### Problem description
Set down word for word each line from the one containing "Anti-CXCR4 Mouse Monoclonal" through the end of the records, both included. Do not copy any pictures.

[Stored items]
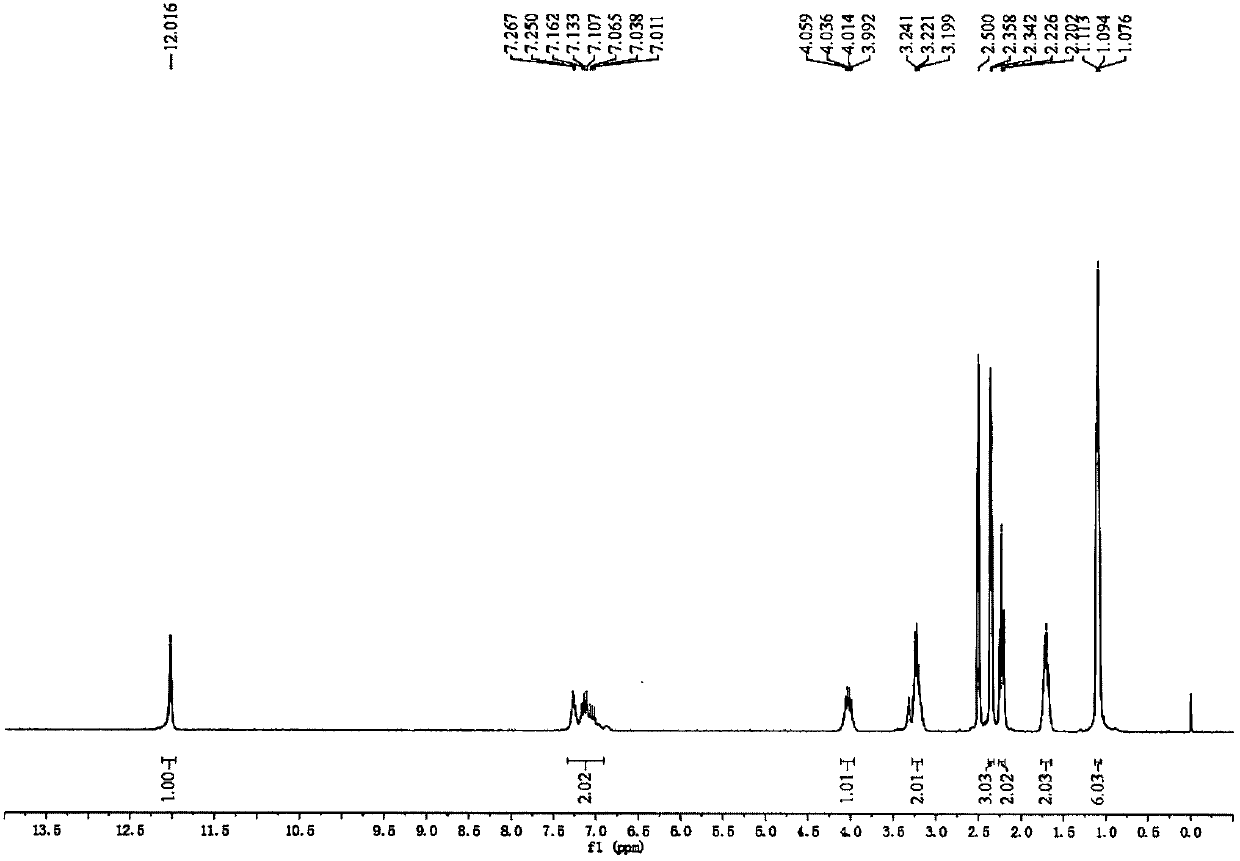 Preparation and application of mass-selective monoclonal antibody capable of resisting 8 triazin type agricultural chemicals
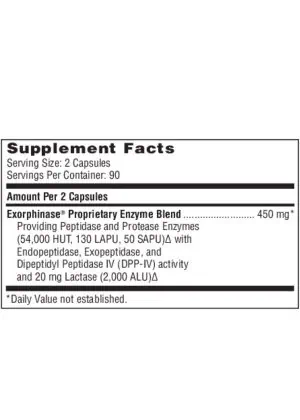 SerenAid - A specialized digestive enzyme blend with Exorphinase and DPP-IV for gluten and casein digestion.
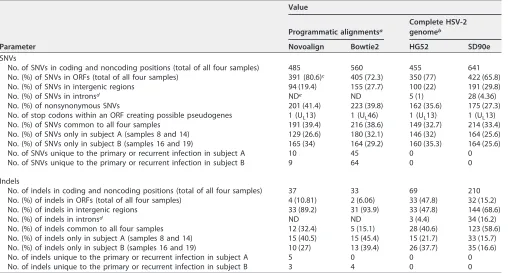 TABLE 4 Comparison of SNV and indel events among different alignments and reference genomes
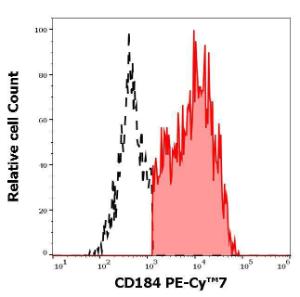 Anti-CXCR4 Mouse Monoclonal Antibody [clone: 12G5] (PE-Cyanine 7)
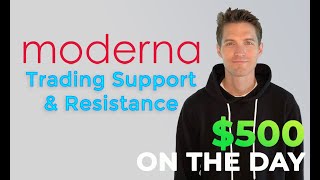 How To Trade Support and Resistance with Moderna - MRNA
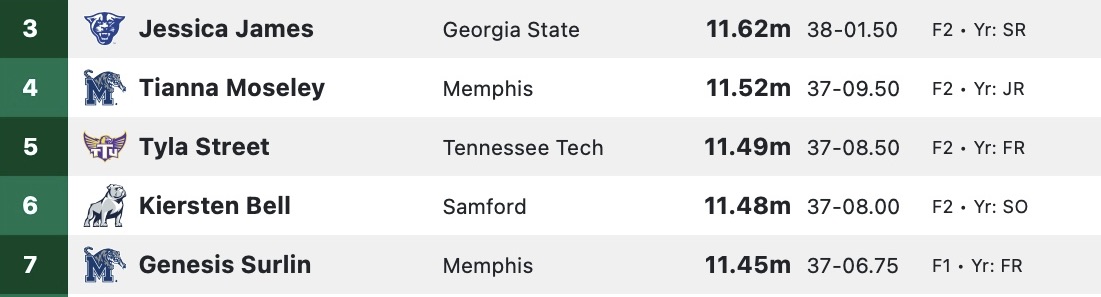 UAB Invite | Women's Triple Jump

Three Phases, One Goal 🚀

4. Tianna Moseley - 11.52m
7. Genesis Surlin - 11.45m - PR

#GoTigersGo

### Response below
 Anti-CXCR4 Mouse Monoclonal Antibody [clone: 12G5] (PE-Cyanine 7)
 How To Trade Support and Resistance with Moderna - MRNA
 UAB Invite | Women's Triple Jump

Three Phases, One Goal 🚀

4. Tianna Moseley - 11.52m
7. Genesis Surlin - 11.45m - PR

#GoTigersGo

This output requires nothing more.